Every line from the one with "Šedý koberec 200x140 cm Lara" through the end of the entries below should be written out exactly; the pictures should not.

(MATERIAL PROVIDED Opens)

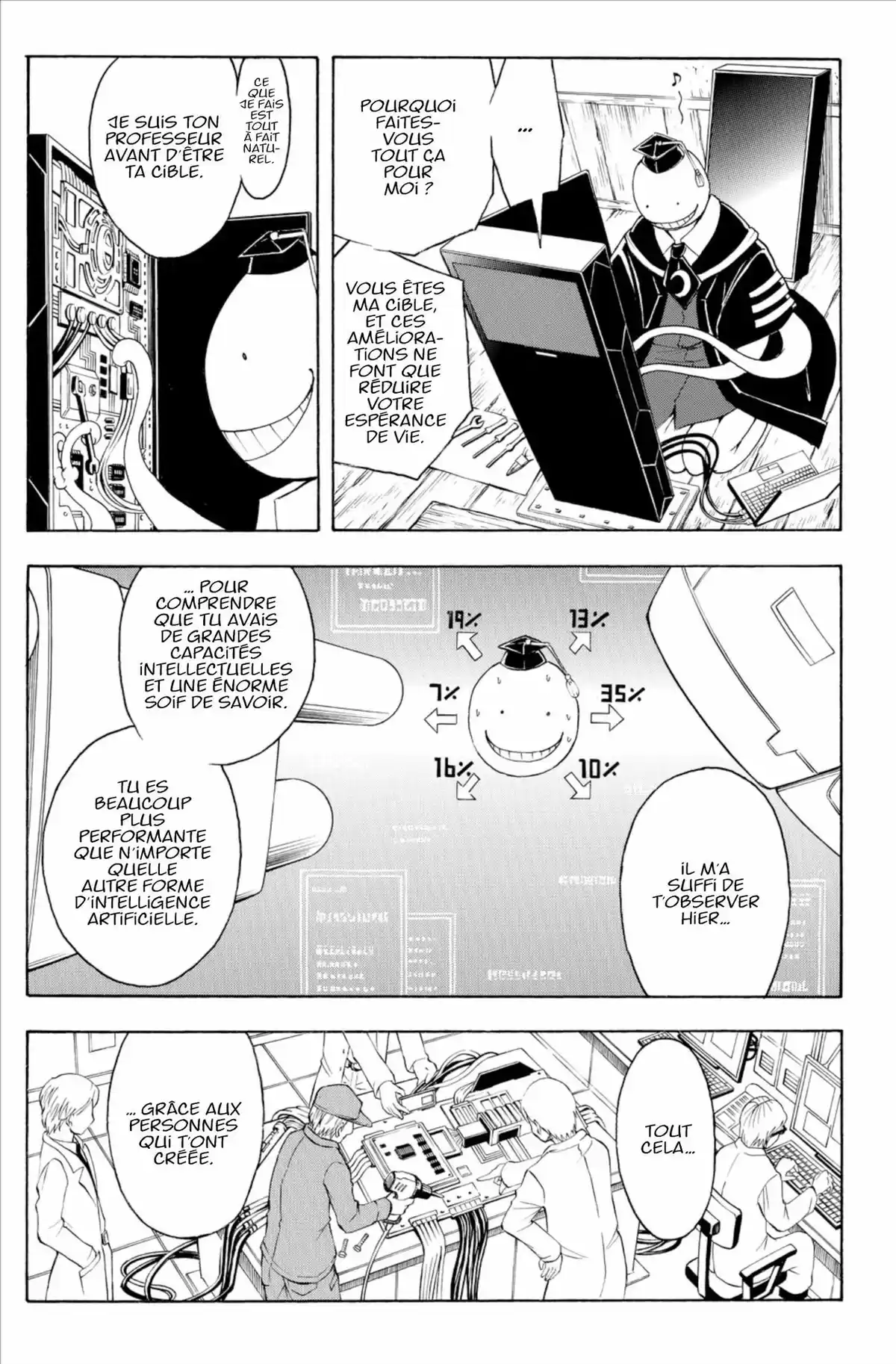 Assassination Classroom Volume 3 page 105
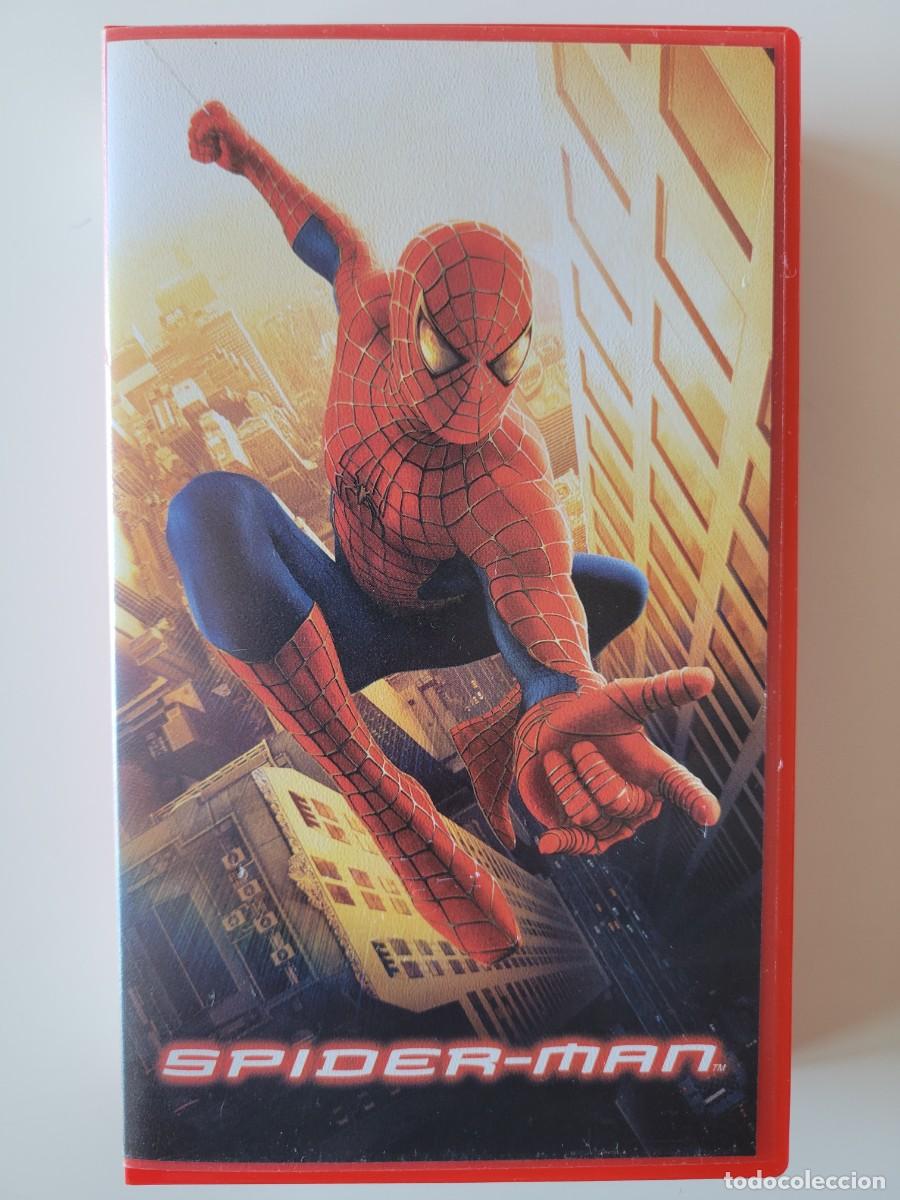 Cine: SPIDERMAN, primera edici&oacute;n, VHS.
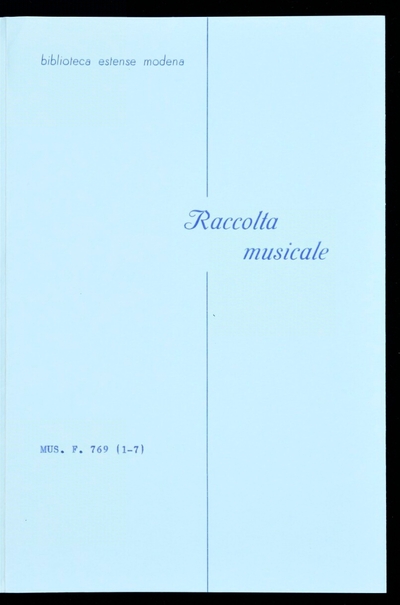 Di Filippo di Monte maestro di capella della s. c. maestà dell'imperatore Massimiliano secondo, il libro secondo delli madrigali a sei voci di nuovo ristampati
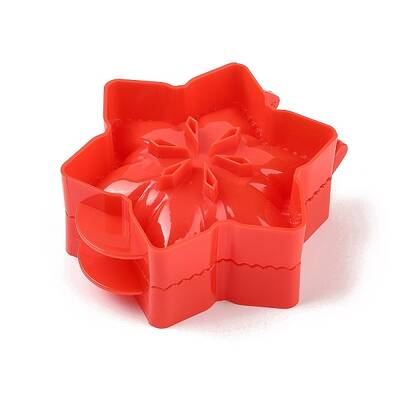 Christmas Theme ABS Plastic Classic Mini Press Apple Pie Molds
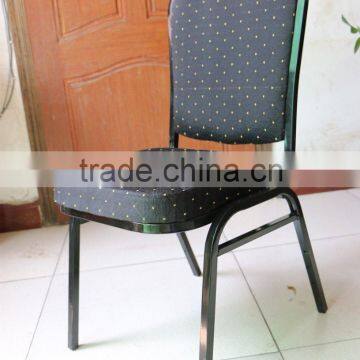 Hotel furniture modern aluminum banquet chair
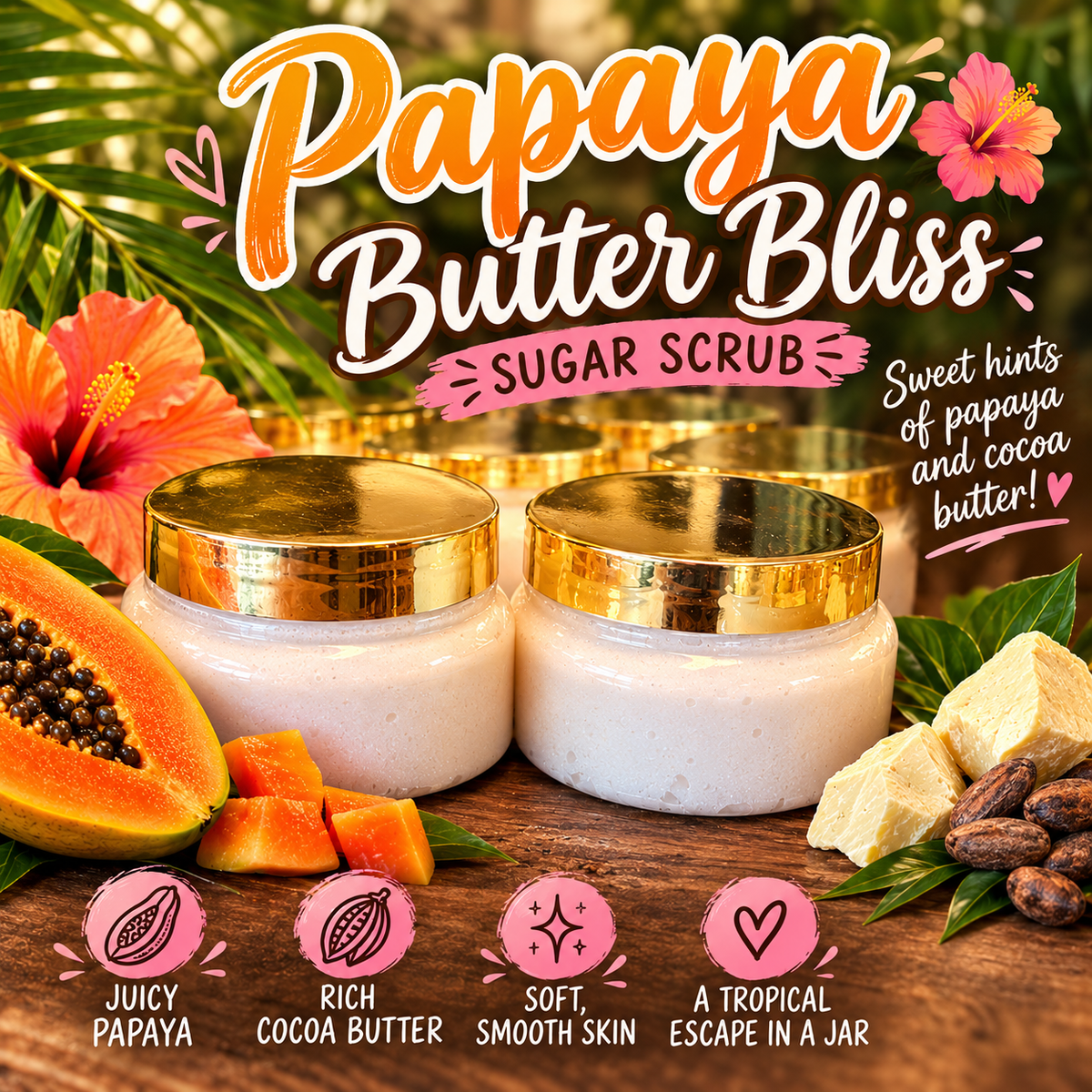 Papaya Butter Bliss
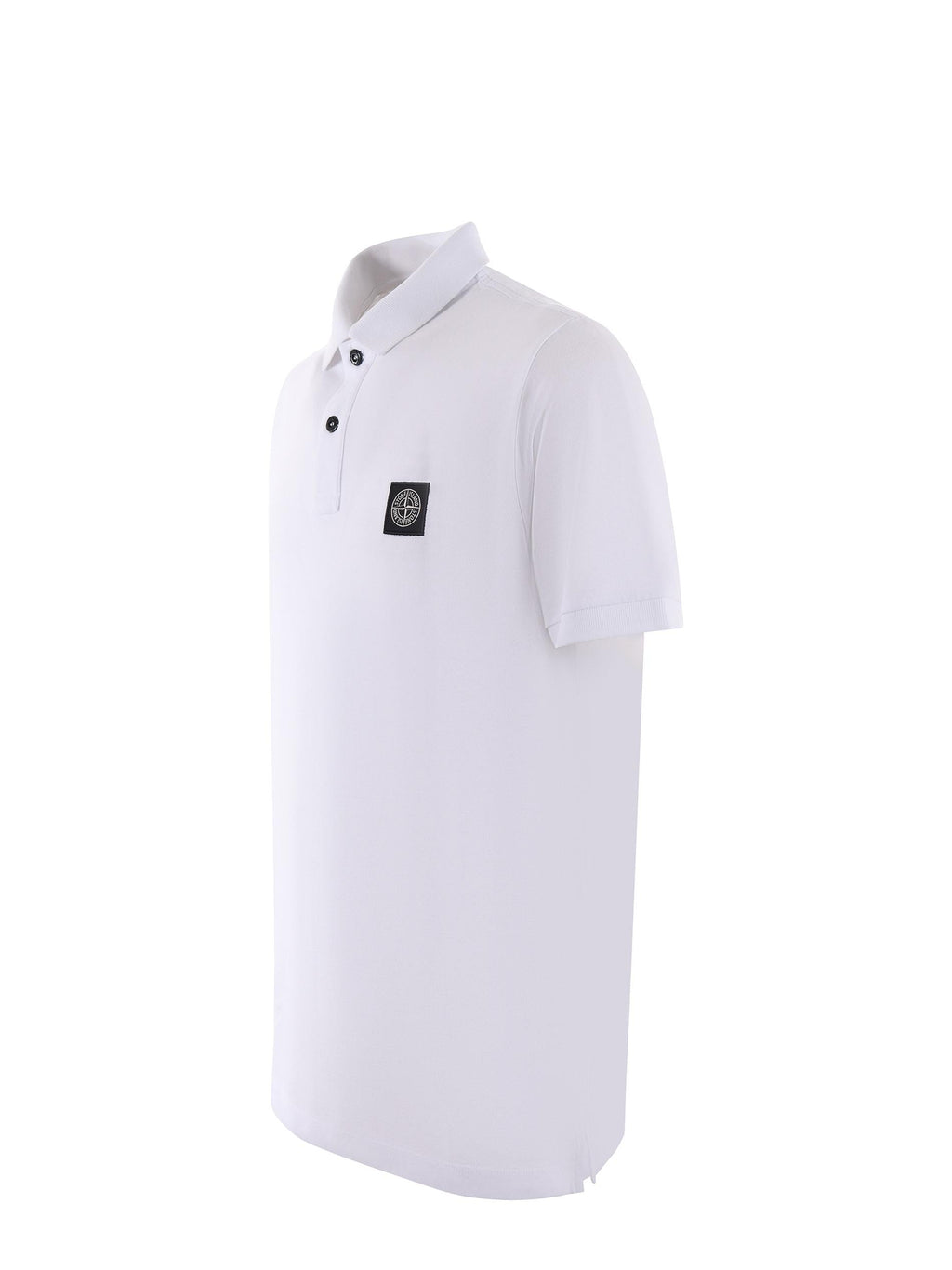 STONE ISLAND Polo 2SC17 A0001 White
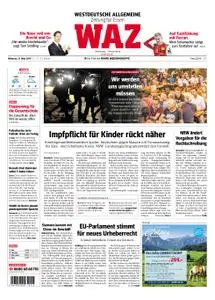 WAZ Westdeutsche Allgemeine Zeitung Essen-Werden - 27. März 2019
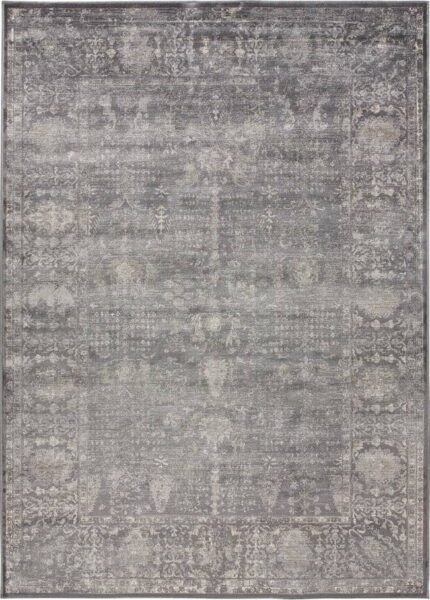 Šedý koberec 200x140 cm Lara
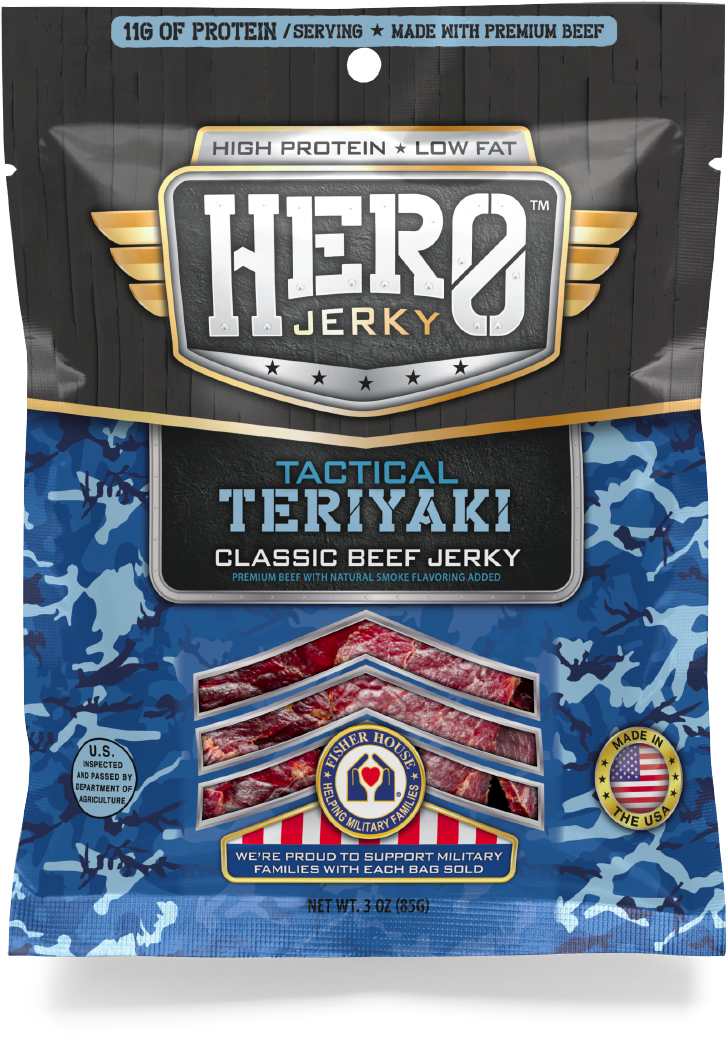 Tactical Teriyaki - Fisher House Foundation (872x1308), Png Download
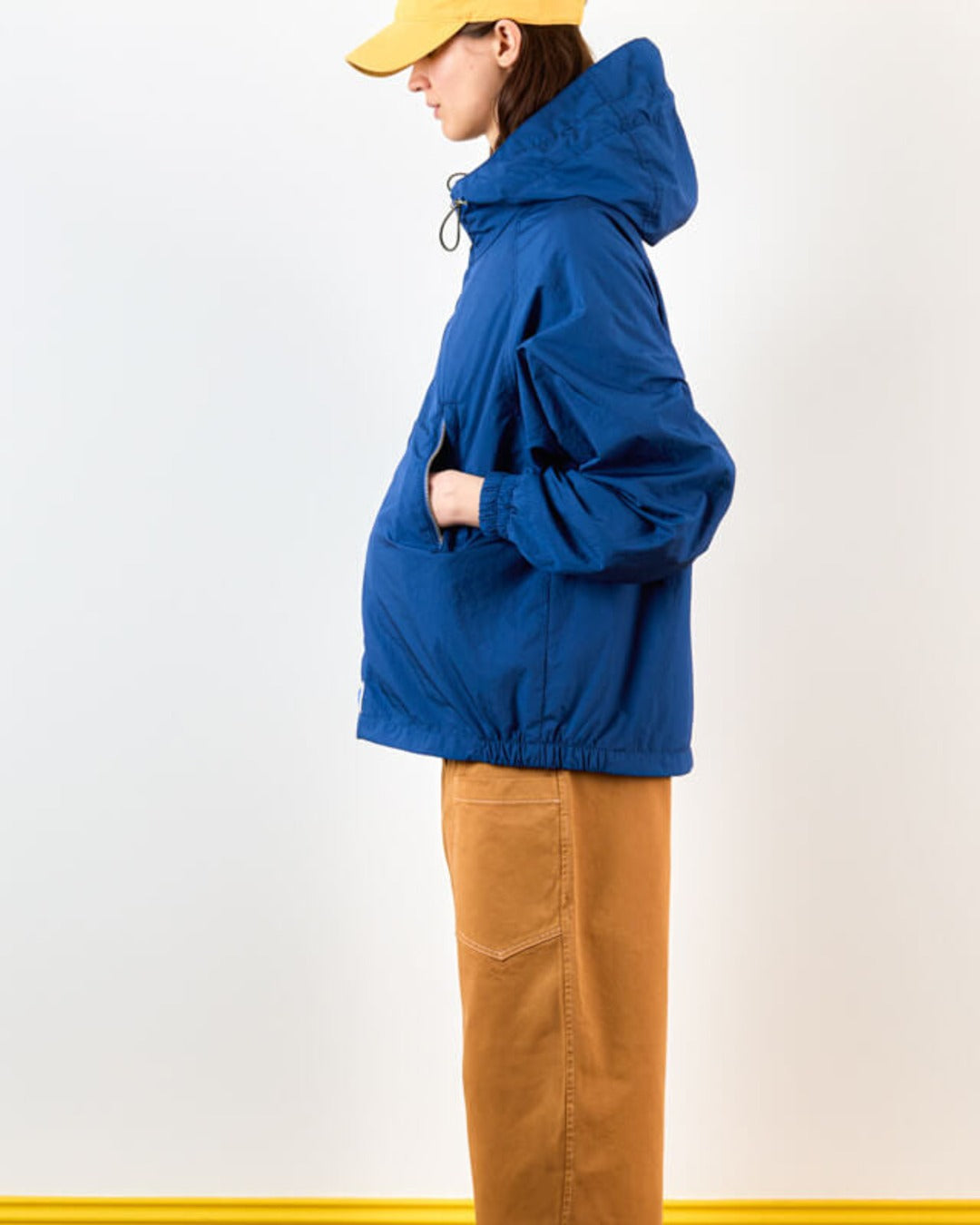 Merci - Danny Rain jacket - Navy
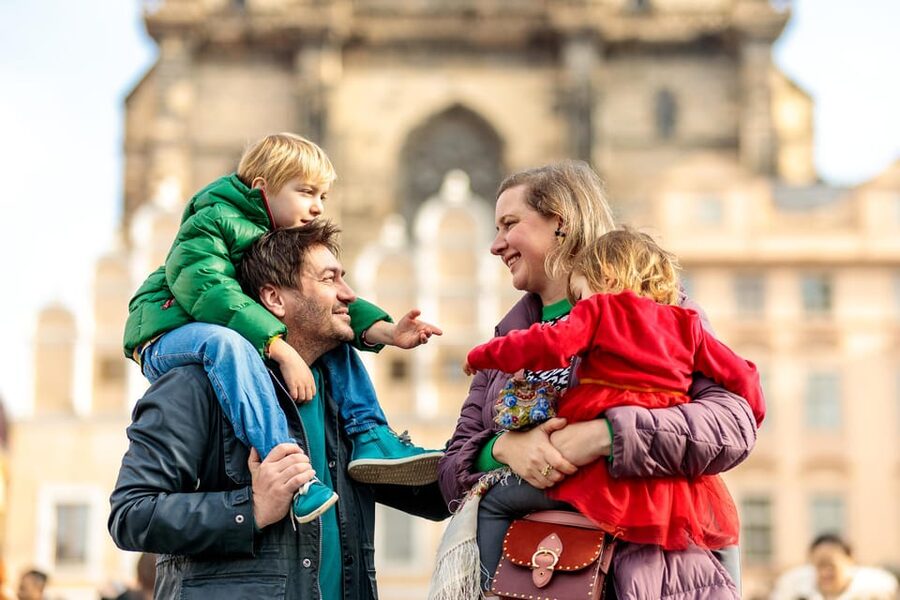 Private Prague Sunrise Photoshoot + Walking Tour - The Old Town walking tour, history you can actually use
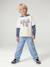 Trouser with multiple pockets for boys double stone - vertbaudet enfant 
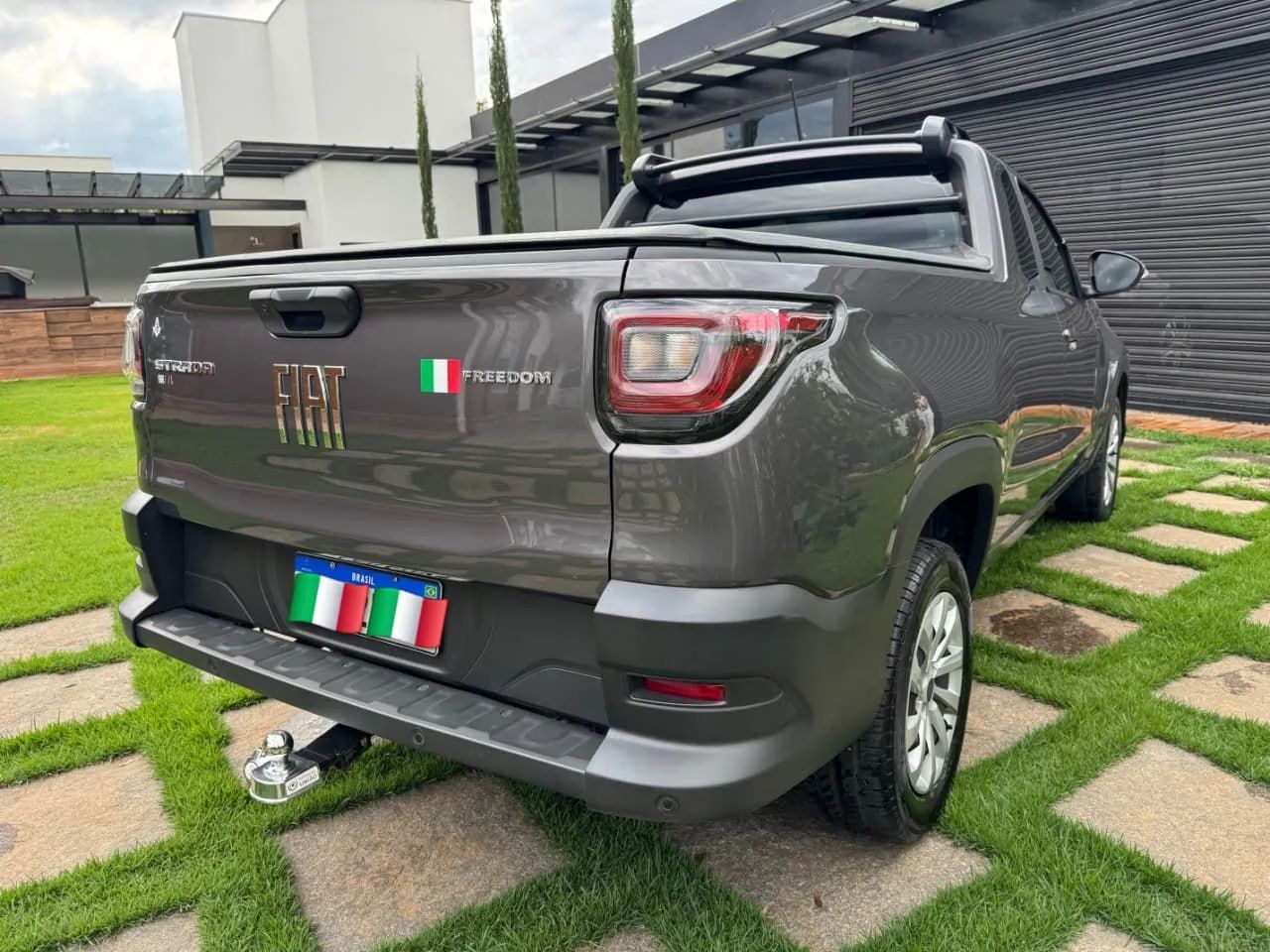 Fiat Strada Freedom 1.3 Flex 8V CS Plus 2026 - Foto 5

(MATERIAL PROVIDED Closes)

▸ **SOLUTION**
 Šedý koberec 200x140 cm Lara
 Tactical Teriyaki - Fisher House Foundation (872x1308), Png Download
 Merci - Danny Rain jacket - Navy
 Private Prague Sunrise Photoshoot + Walking Tour - The Old Town walking tour, history you can actually use
 Trouser with multiple pockets for boys double stone - vertbaudet enfant 
 Fiat Strada Freedom 1.3 Flex 8V CS Plus 2026 - Foto 5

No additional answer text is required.